» **TASK STATEMENT**:
Strip the pictures, then copy the remaining data exactly as it stands.

» **PROVIDED MATERIAL**:
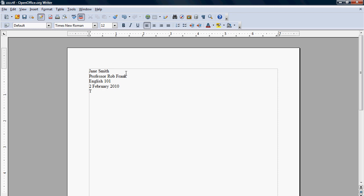So now the title is going to be centered. And the next line is going to move back to the left.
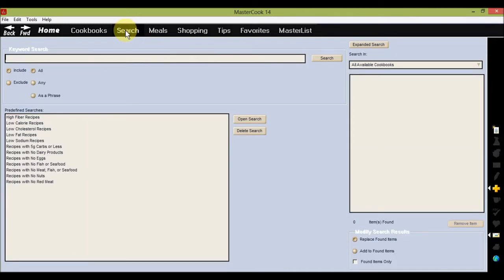You can conduct basic searches from this screen or use our handy predefined searches. Click on the expanded search button in the upper right hand corner to bring up the advanced search screen.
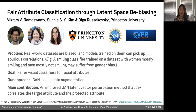Our work tackles the problem of dataset bias in visual attribute classification. In particular, to train fairer visual classifiers for facial attributes, we propose a method to augment and de-bias the dataset using Generative Adversarial Networks, or GANs.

» **WRITTEN ANSWER**:
So now the title is going to be centered. And the next line is going to move back to the left.
You can conduct basic searches from this screen or use our handy predefined searches. Click on the expanded search button in the upper right hand corner to bring up the advanced search screen.
Our work tackles the problem of dataset bias in visual attribute classification. In particular, to train fairer visual classifiers for facial attributes, we propose a method to augment and de-bias the dataset using Generative Adversarial Networks, or GANs.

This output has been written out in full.